The System Position of InfiniBand vs NumaConnectThe System Position of InfiniBand vs NumaConnect
Figure 1, The System Position of InfiniBand vs NumaConnect

Figure 1, The System Position of InfiniBand vs NumaConnect

1.3 The takeover in HPC by Clusters

High performance computing (HPC) has changed significantly over the last 15 years. This is no big surprise to industry veterans who in the 15 years before that had seen the field move from single processor monsters with vector capabilities from the brains of Seymour Cray through the massively parallel machines from Thinking Machines. Everybody knew that MIMD systems would come, and when they did, there was always the problem of lacking software that could utilize the combined compute power of many processors working in parallel. One of the major problems had to do with data decomposition and how to handle dependencies between processes and how to maintain the big picture when the problems were sliced to fit the individual memories of the computing nodes.

 

The vector machines grew their capabilities through a moderate amount of parallel processors operating on a huge, shared memory that allowed programmers to operate on the whole problem. The parallel machines forced programmers to write software to exchange data between processes through explicit messages and out of this grew the dominant communication library for HPC called MPI - Message Passing Interface.

 

Convex introduced their first parallel computer called "Exemplar" in 1994 with a global shared memory system. Soon after, Convex was acquired by HP and the Exemplar was reborn as "Superdome". About the same time, another parallel-processor project was undertaken by Floating Point Systems with a design based on using 64 SPARC processors operating on a shared memory. This was first acquired by Cray with little market success and it was quickly sold off to Sun Microsystems where it became a huge success as the Enterprise system E10000. All of these machines were used for HPC and they appeared in large numbers on the Top-500 list of their days. Common for all of them was that they carried the price tag of supercomputers. This kept the market for supercomputing from growing very fast.

 

In the early 1990s, a new paradigm started to appear. At this time, microprocessors had become powerful enough to do real computational work and scientists who are always looking for better tools to do their work saw this as an opportunity to get more computing power at their hands. An early approach was to use workstations in networks to run computing tasks during nights and other times when they were not busy serving the individual user. Platform Computing grew their business out of this idea through the LSF (Load Sharing Facility) product. Andersson, Culler and Patterson published their paper "A Case for NOW" (NOW = Network of Workstations) in 1994 advocating the use of cheap computing power in the form of mass-produced workstations to perform scientific computing.

 

The NOW approach could easily utilize the same programming paradigm as the high priced MIMD parallel machines, so some software was already available to run on these systems. About the same time several institutes started to set up dedicated systems instead of using other people's workstations and this gave birth to the concept of "Cluster". Thomas Sterling and Donald Becker started the "Beowulf" project to use commodity PCs, Linux and Ethernet to create a low cost computing resource for scientific workloads sponsored by NASA (http://www.beowulf.org/overview/history.html).
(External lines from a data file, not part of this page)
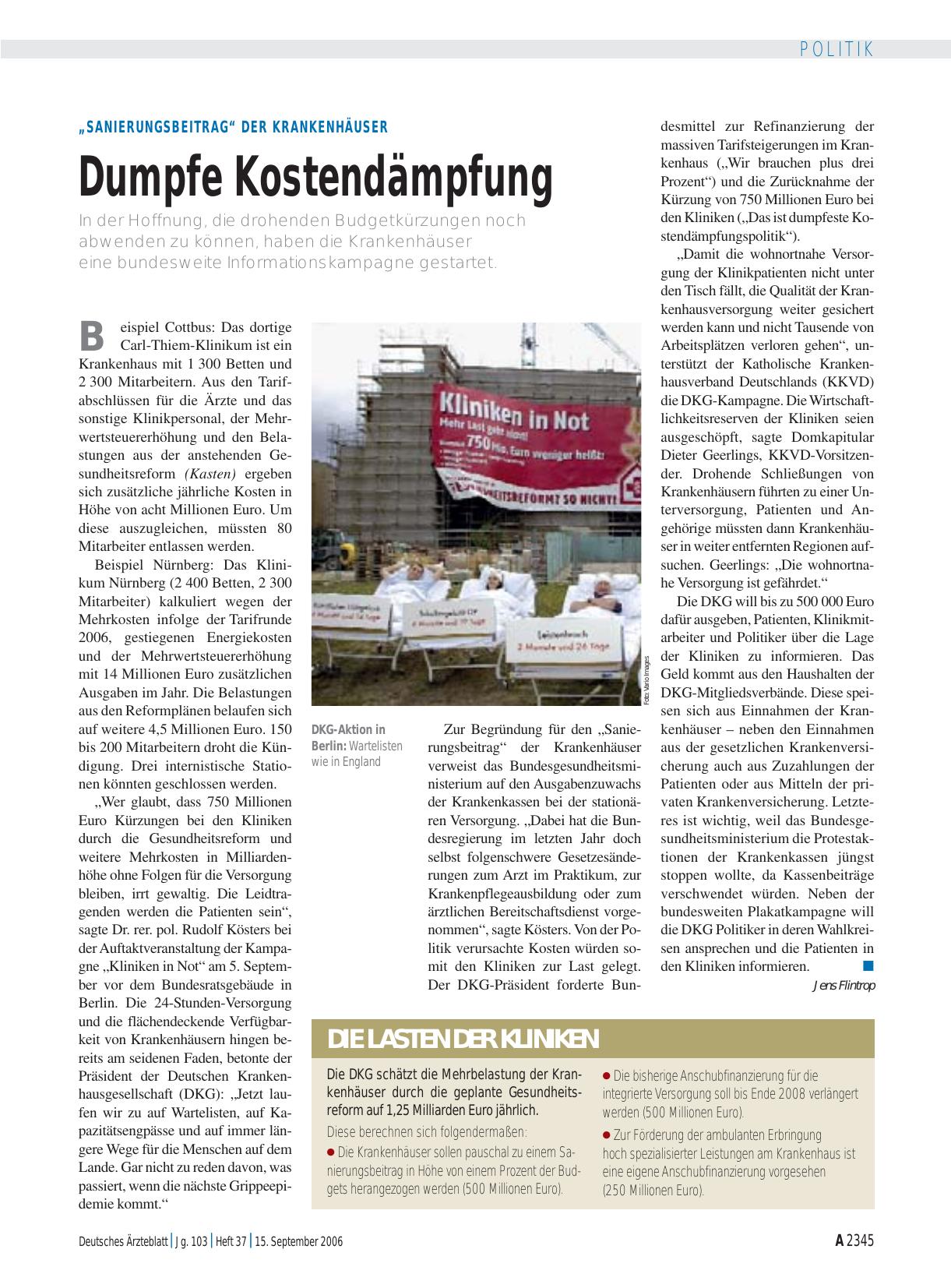 Vorschauseite 1: „Sanierungsbeitrag“ der Krankenhäuser: Dumpfe Kostendämpfung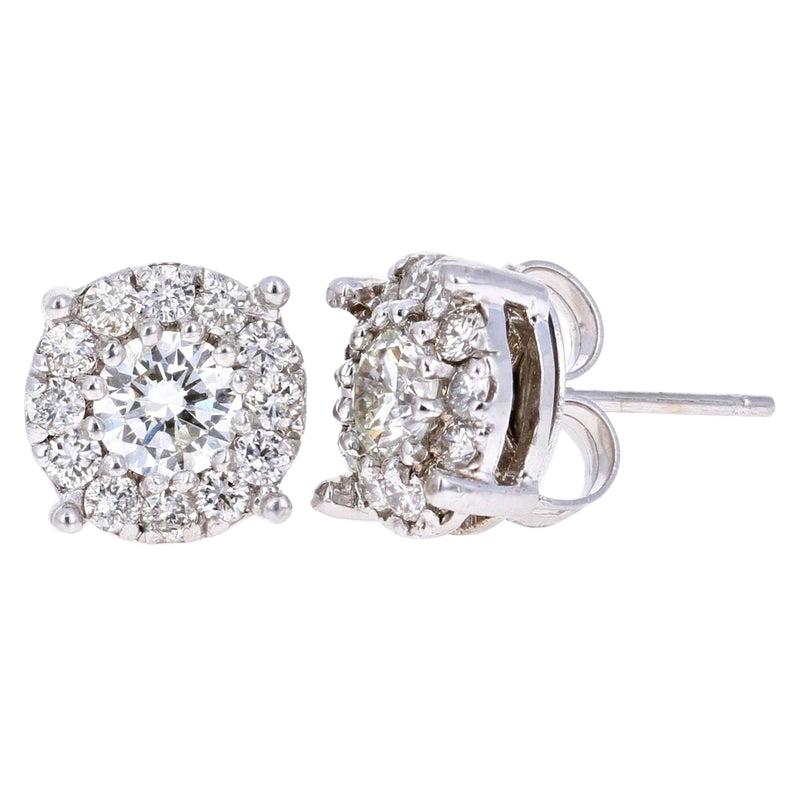 1.38 Carat Round Diamond Floret Design White Gold Stud Earrings For Sale
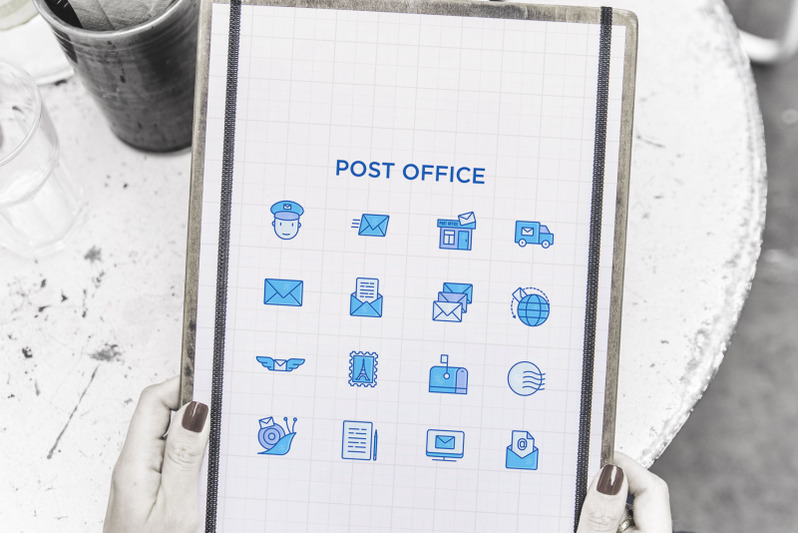 post-office-16-thin-line-icons-set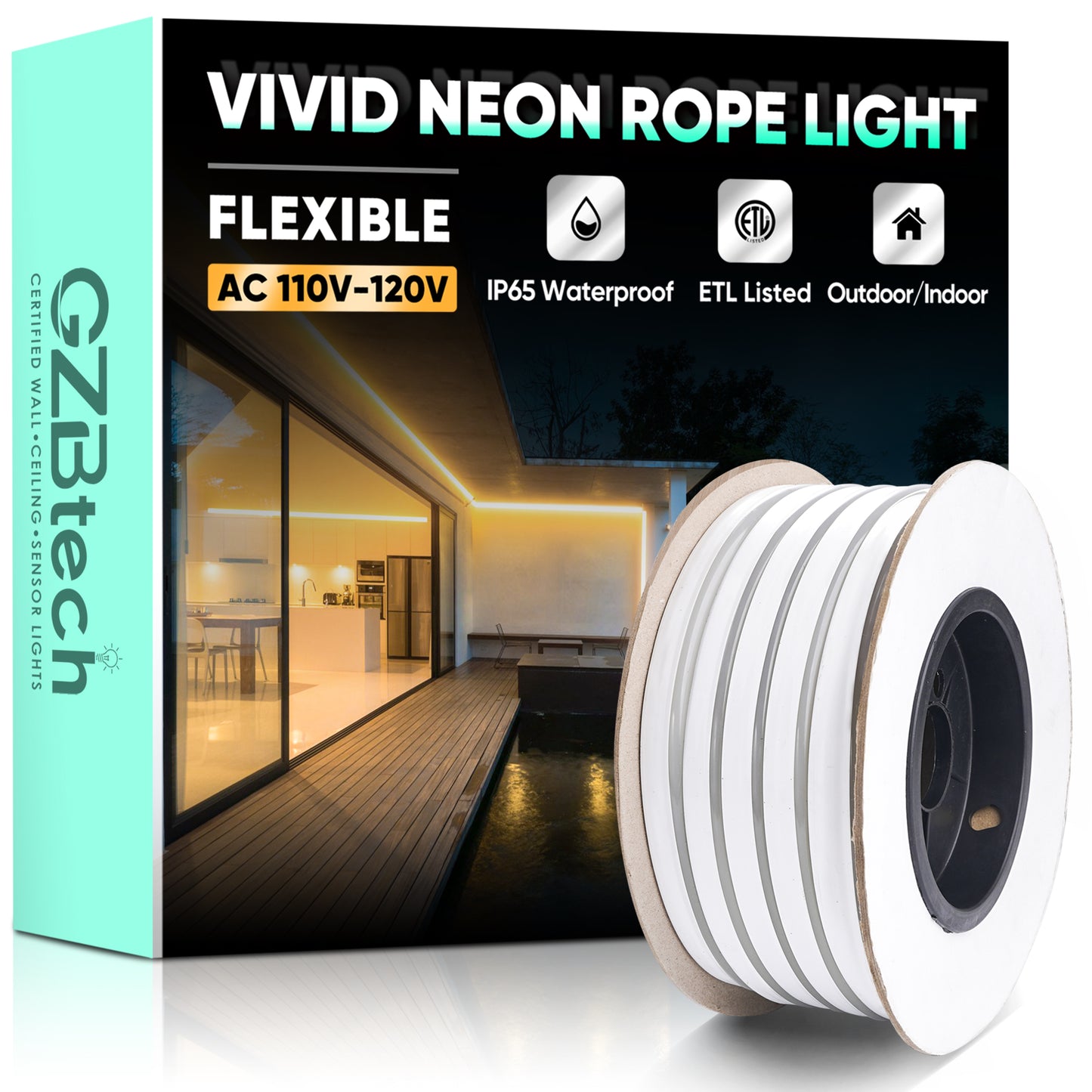 GZBtech Flexible LED Neon Rope Lights warm white 2600K, Waterproof Neon Strip Light, 120 LEDs/M Cuttable Connectable Neon Lighting for Indoor Outdoor Home Decor/Commercial Building Use.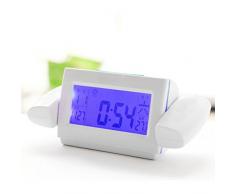 LEORX Control de sonido Dual giratorio lente proyección reloj de alarma (Snooze, retroiluminación LED, fecha, temperatura)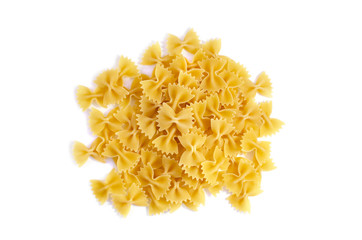 Italian uncooked pasta. Raw farfalle. Healthy food. Italian dishes.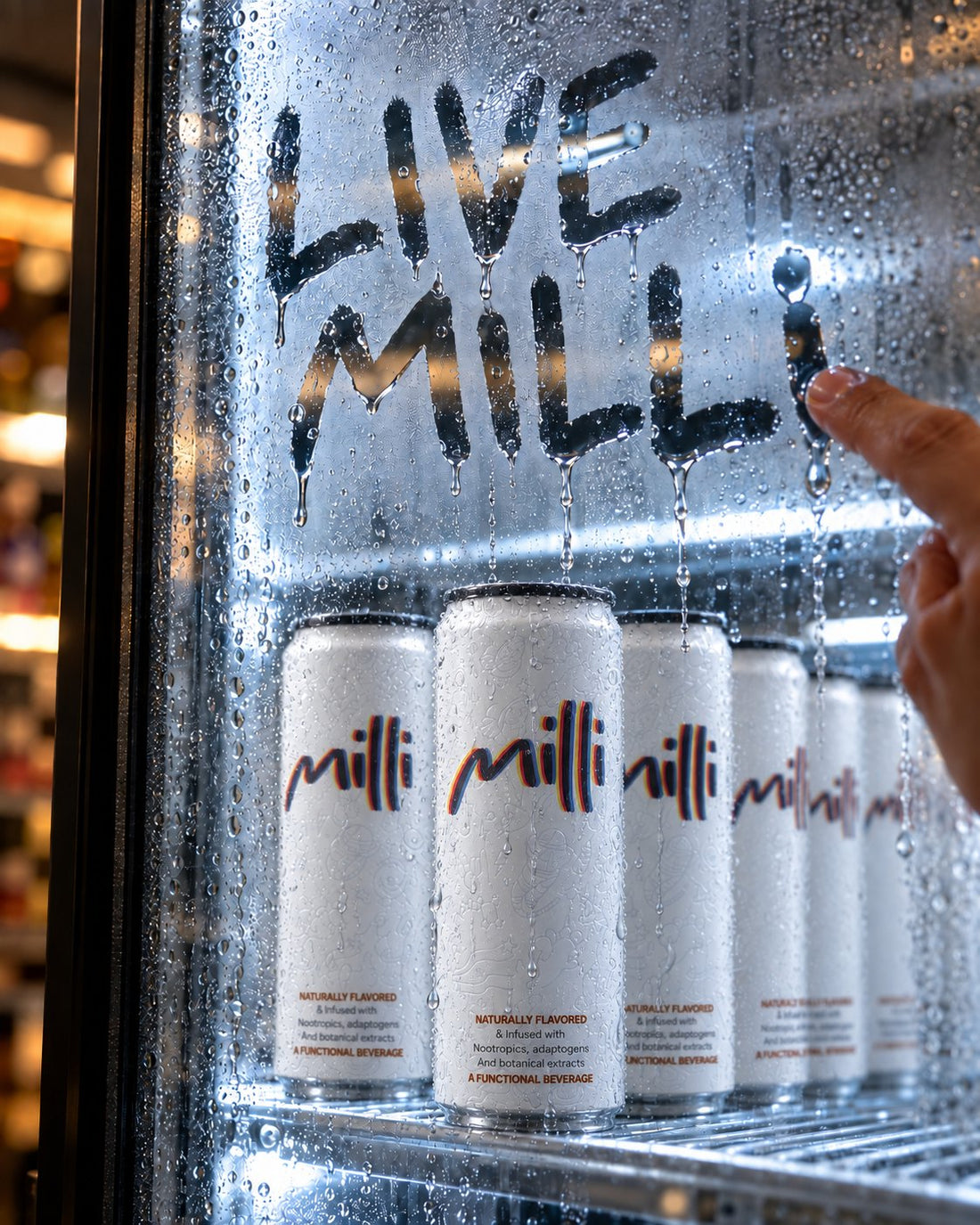 A fogged glass fridge door with LIVE MILLI written in the condensation and rows of Milli cans inside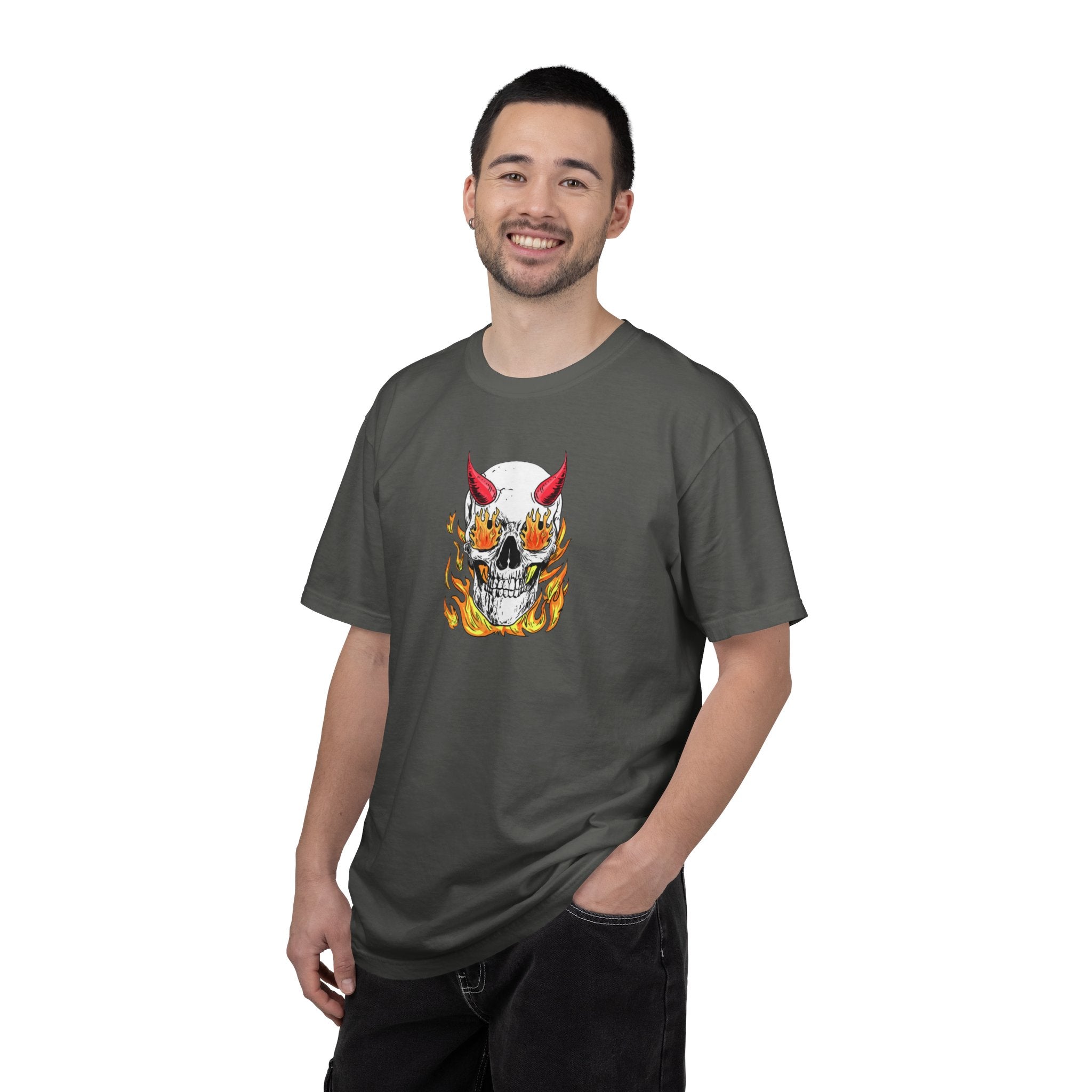 Flaming Devil Skull T-Shirt — Edgy Retro Tattoo Graphic Tee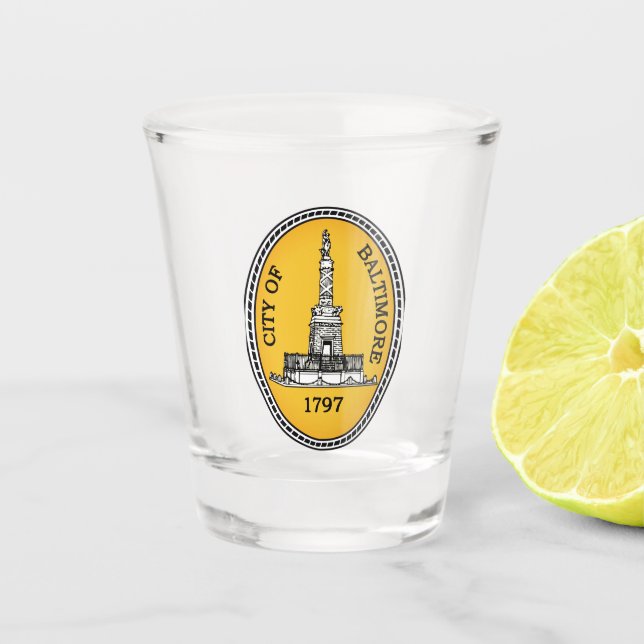 City Seal of Baltimore, Maryland Shot Glass (Front)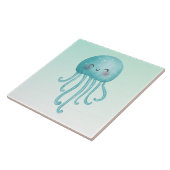 可愛いおもしろい青緑色クラゲ タイル (側面)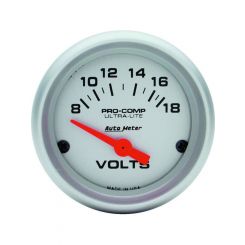Auto Meter 2-1/16" Voltmeter, 8-18V, Air-Core, Ultra-Lite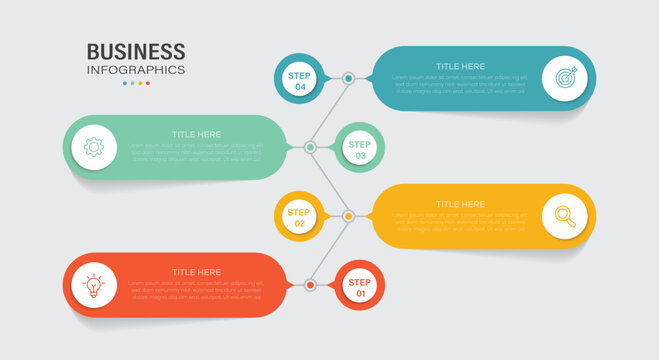 Modern business template Infographic element. 4 step diagram information graphic. Flat simple Infographics design template. Presentation graph.
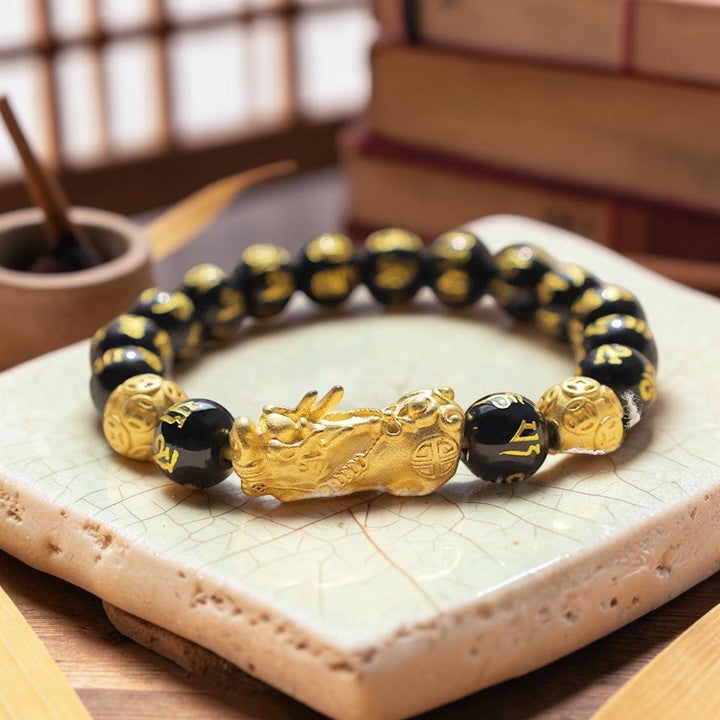 Buddhaechoes Feng Shui Pi Xiu Bracelet — Obsidian Symbol of Prosperity & Balance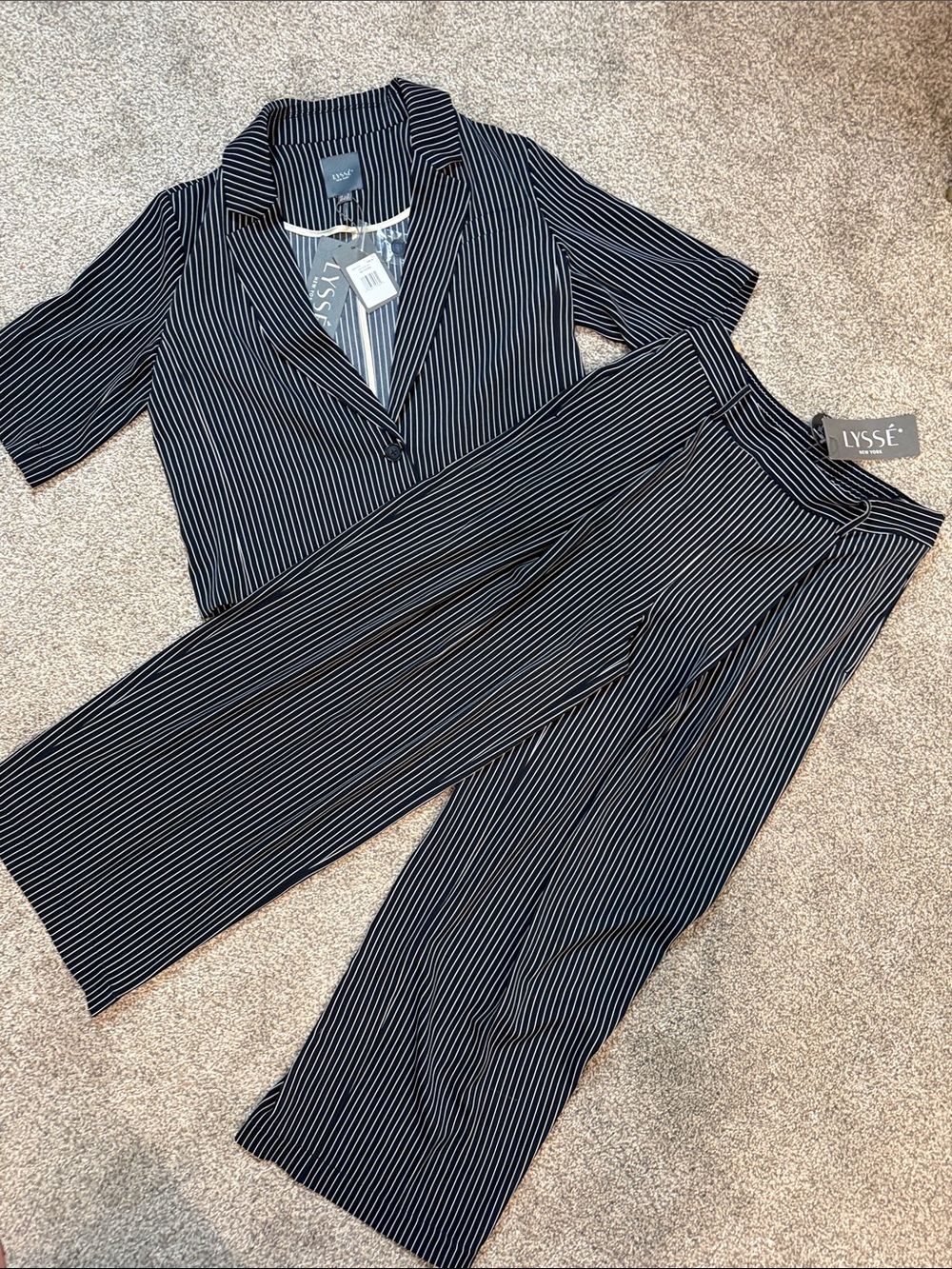 Lysse Navy and White Pinstripe suit jacket &Wide-Leg Trousers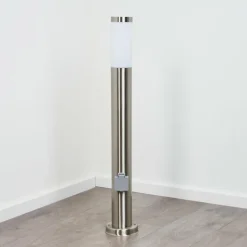 Borne lumineuse Sessa Nickel mat, 1 lumière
Since then, the HPC market has changed to be dominated by cluster computing due to the simple fact that the cost per processor core is 20 - 30 times less for a cluster than it is for large mainframe computers. Even though there are many tasks that are hard to do on a cluster, the huge price differential is a strong motivation for trying.

 

For applications that have few dependencies between the different parts of the computation, the most cost-effective solution is to use standard Gigabit Ethernet to interconnect the compute nodes. Ethernet is a serial interface with inherent potential for packet loss and requires quite heavy protocols in software (TCP-IP) for reliable operation on the application level. This means that the latency for messages sent between processes is quite high; in the order of 20 - 30 microseconds measured under Linux. Since HPC applications normally operate with quite short messages (many are dominated by messages smaller than 128 bytes), scalability for those is very limited with Ethernet as cluster interconnect.

 

Applications with requirements for high-speed communication use dedicated interconnects for passing messages between application processes. Among these are Myrinet™ from MyriCom, InfiniBand™ from Mellanox and QLogic and proprietary solutions from IBM, NEC and others. The dominant high-speed interconnect for HPC clusters at this time is InfiniBand™, which is now used by 43% of the systems on the Top-500 list of supercomputers (Nov. 2010).

 

Common for all of these interconnects is that they are designed for message passing. This is done through specific host channel adapters (HCAs) and dedicated switches. MyriCom uses 10Gbit Ethernet technology in their latest switches and most InfiniBand vendors use switch chips from Mellanox.

 

Common for all is also the use of high-speed differential serial (SERDES) technology for physical layer transmission. This means that many of the important parameters determining the efficiency for applications are very similar and that peak bandwidth is almost the same for all of them.

 

NumaConnect™ utilizes the same serial transmission line technology as other high speed interconnects, but it changes the scene for clusters by providing functionality that turn clusters into shared memory/shared I/O "mainframes".

 

2 TURNING CLUSTERS INTO MAINFRAMES

Numascale's NumaConnect technology enables computer system vendors to build scalable servers with the functionality of enterprise mainframes at the cost level of clusters. The technology unites all the processors, memory and IO resources in the system in a fully virtualized environment controlled by standard operating systems.

 

Systems based on NumaConnect will efficiently support all classes of applications using shared memory or message passing through all popular high level programming models. System size can be scaled to 4k nodes where each node can contain multiple processors. Total memory size is only limited by the 48-bit physical address range provided by the Opteron processors resulting in a total memory addressing capability of 256 TBytes.

 

At the heart of NumaConnect is NumaChip; a single chip that combines the cache-coherent shared memory control logic with an on chip 7-way switch. This eliminates the need for a separate, central switch and enables linear capacity and cost scaling. It also eliminates the need for long cables.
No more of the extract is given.